I was able to identify a major source of the heating in the shed. I had the air pumps inside the shed and it turned out that the models that I had used were noted (by user reviews) to “run hot”. Indeed, when running, I noticed that the temperature around the pumps was running about 98o F (significantly higher than the outside temperature). I built a shelf outside of the shed to mount the pumps. I also replaced the pumps with pumps that user reviews didn’t mention as “running hot”.
I also built a “swamp” cooler for the inside of the shed. A “swamp” cooler is a cooling unit that uses water evaporation to cool air. As water evaporates, it removes energy from the air around it. Forcing a stream of air across a water-saturated mesh has the net result of the air leaving the cooler at a significantly lower temperature. The only drawback is that this works best when the outside humidity is less than 80%. Here is MO we consistently run 50% – 70% humidity, but any cooling can be welcome in this situation. Here is a link to a video the shows how to construct a swamp cooler from a 5 gal. bucket (https://www.youtube.com/watch?v=aHbQYajfGqM). I modified the cooler by nesting two 5 gal. plastic buckets so I could have more water for the pump. I also used a fan and a water pump that are powered via USB (I have two USB ports on the solar controller). After installing and running the cooler, the inside shed temperature has not gone above 95o F with the air pumps moved outside.

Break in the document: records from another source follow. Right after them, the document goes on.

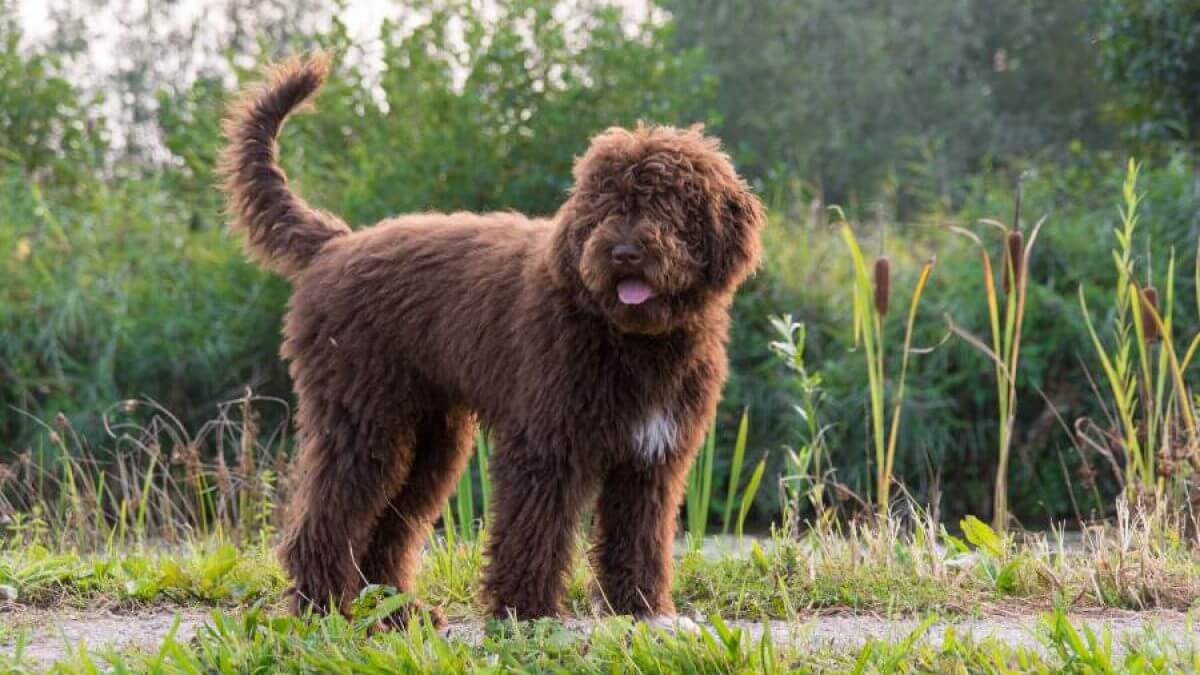 Perro de agua español.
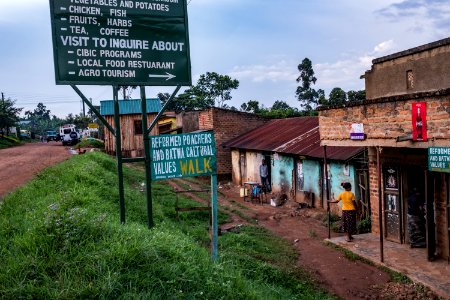 USAID Measuring Impact Conservation Enterprise Retrospective (Uganda; International Gorilla Conservation Program) (39396471655)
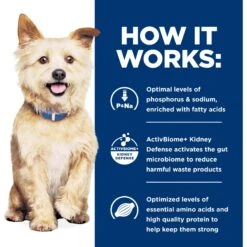 Hill's Prescription Diet K/d Kidney Care Variety Pack Wet & Dry Dog Food -Cozy Paws 217399 PT4. AC SS1800 V1698436578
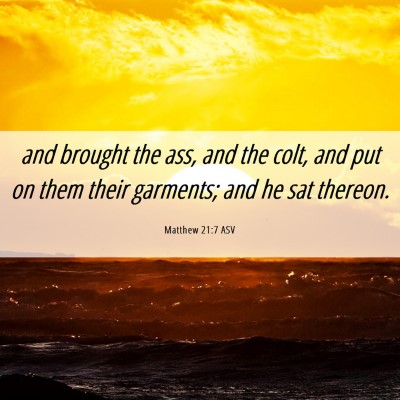 Picture 06 - Matthew 21:7 ASV - and brought the ass, and the colt, and put on - Bible Verse Picture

The failure of the inverter was most likely because of the high temperatures. Converting 12 v DC to 110 v AC releases a great deal of energy. Inverters have internal switched that will turn off the power conversion when the circuit board gets too hot. If this function is used too often, the switch will fail and the associated failure alarm will be triggered even if no devices are connected to the inverter. This happened to my inverter and I ordered a replacement with a higher wattage rating.
Fortunately, my battery float charger has a direct AC power cord and I am able to run the pumps from that until I get the new inverter installed.